Schema Backwards Compatibility
All discovered schemas in a repository will be grouped into sets of schema title, schema major version. Each schema in each group will be checked for backwards compatibility. This will allow for occasional backwards incompatible changes by incrementing the major schema version.
@Pchelolo we probably should use the title and $id fields to do the grouping, not their filenames. Perhaps we can do some convention validation that each schema's file path corresponds to the title/$id version. For purposes of backwards compatibilty checking though, we should let the schemas themselves declare what the version is, and not rely on the filepath.
@Pchelolo will implement a schema test runner that given a schema base path, will find all schema files, group them by title,version, and then run a set of tests on each group. Once we have a test runner, we will both work on implementing specific test cases.
Likely the test runner and the test cases (and the backwards compatibility checker) should each be in separate npm libraries, so that we can easily set up new schema repositories to all use the same set of tests. Jenkins can then be configured to just run npm test as usual to do proper CI.
Just pushed https://github.com/wikimedia/jsonschema-tools/pull/9 for exportable and reusable schema repository tests. Tests are based on Petr's work in https://gerrit.wikimedia.org/r/534702.
- Is it possible to automate setting up the eslint-plugin-json stuff from jsonschema-tools? Should we?

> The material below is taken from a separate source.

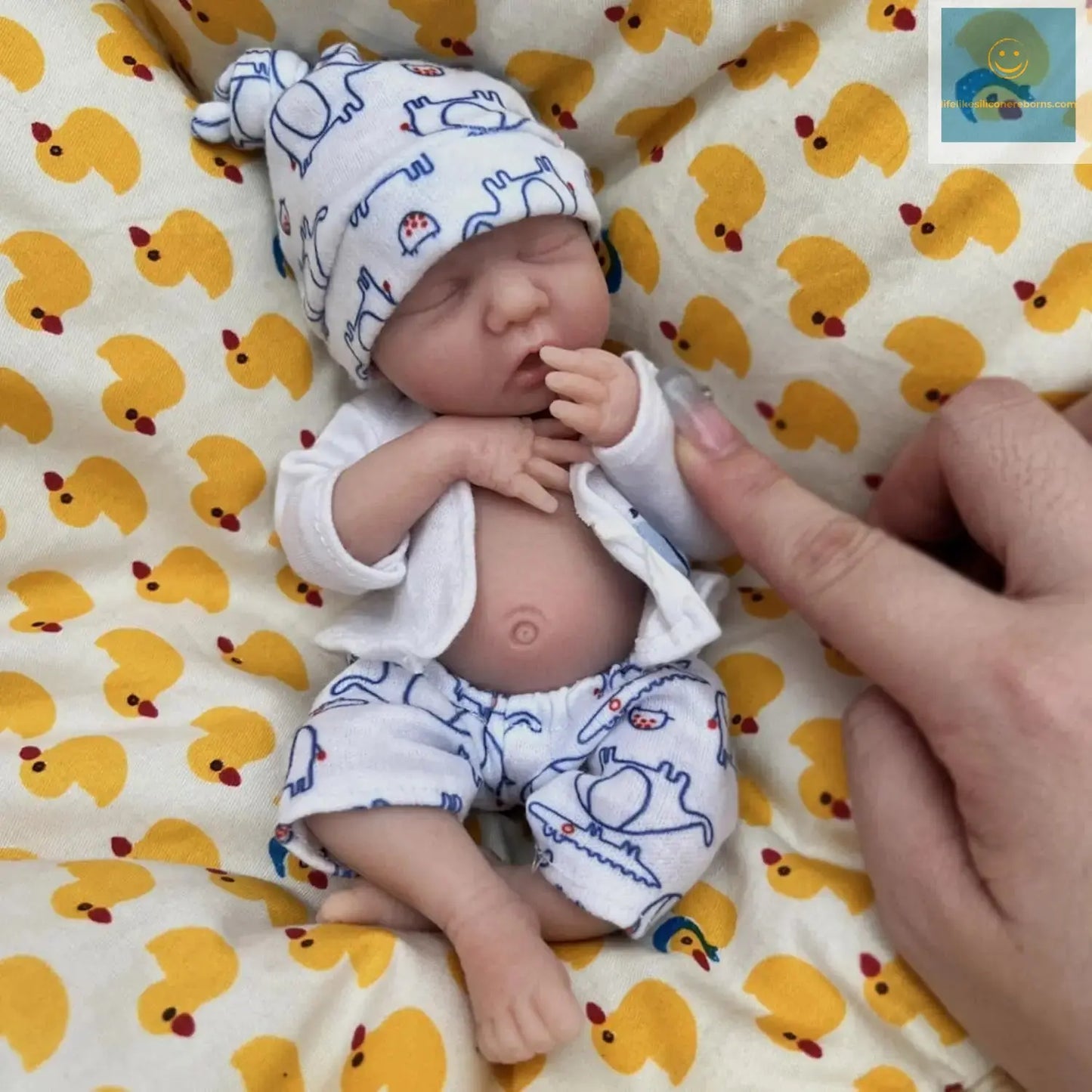 Reborn Baby Dolls 7 Inch Full Body Silicone Doll Boy Mini Realistic Newborn Baby Dolls with Feeding Accessories Gift Box lifelikesiliconereborns.com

- I think we need a way to disable testing of certain schemas and/or of certain tests for schemas. I don't think we can do it in the schema files, so it would have to be configuration provided to the exported tests. Perhaps we could just regex match against each schema's $id? E.g. schemasToSkip = [/mediawiki\/recentchange/] ? That would disable all tests for a specific schema / version, but wouldn't allow us to disable specific tests, e.g. disable-monomorphic-type-test...unless we built some structure for naming and disabling test cases like eslint has. Sounds like a lot.

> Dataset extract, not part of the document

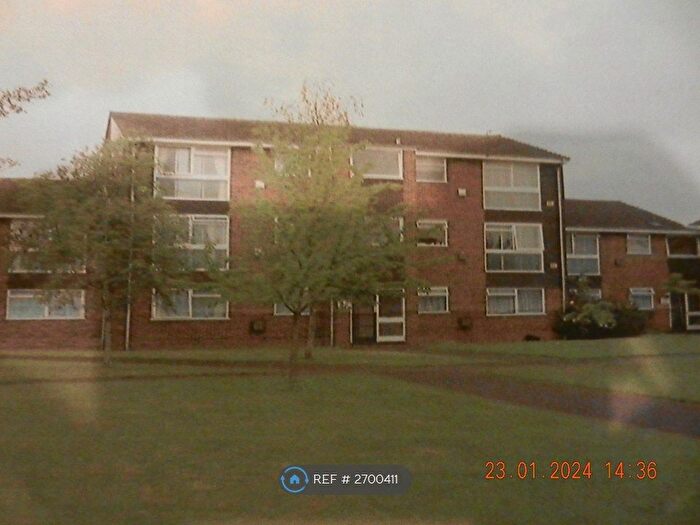 2 Bedroom Flat To Rent In Langley, Slough, SL3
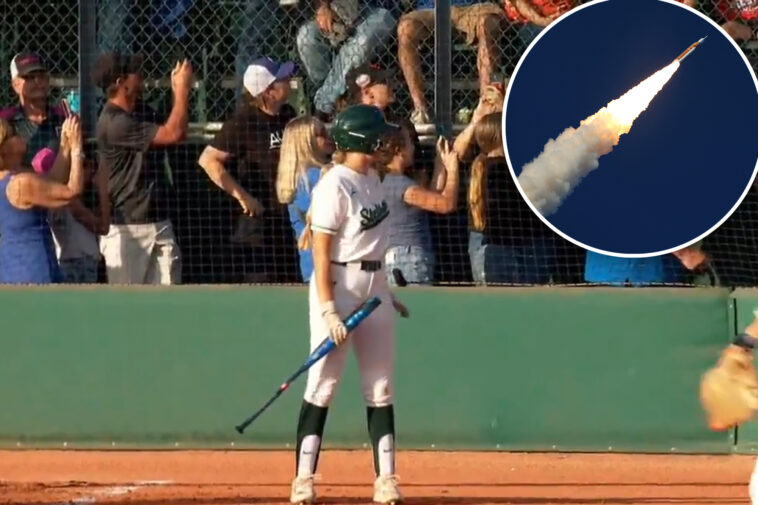 artemis-ii-launch-distracts-softball-players-during-florida-stetson-game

I think we need a way to disable testing of certain schemas and/or of certain tests for schemas. I don't think we can do it in the schema files, so it would have to be configuration provided to the exported tests. Perhaps we could just regex match against each schema's $id? E.g. schemasToSkip = [/mediawiki\/recentchange/] ? That would disable all tests for a specific schema / version, but wouldn't allow us to disable specific tests, e.g. disable-monomorphic-type-test...unless we built some structure for naming and disabling test cases like eslint has. Sounds like a lot.
If we do make such a config, I believe we need to do the following
- Each test name should be prefixed with some constant, like 'structure-current-must-exist'. We can even export those constants as variables to make sure typos can not happen.
- The config probably should be called ignoredTests and have a format schema_id => config with a config being a map(array?) of constants from point 1...
YAML allows comments, but no all the tests are based on the YAML files, so putting comments into files themselves like eslint won't work. Alternatively, we can put an rc file into a schema directory with something like
disable-structure-current-must-exist: true disable-backwards-compatibility: [ 1.0.1, 2.0.3 ]
However, I'm not sure if we need to do all this right now.. what specific tests to disable do you have in mind?
I modified the task description of T216567: mediawiki/recentchange event should not use fields with polymorphic types. I think we should just fix recentchange and not worry about implementing test skipping (for now at least).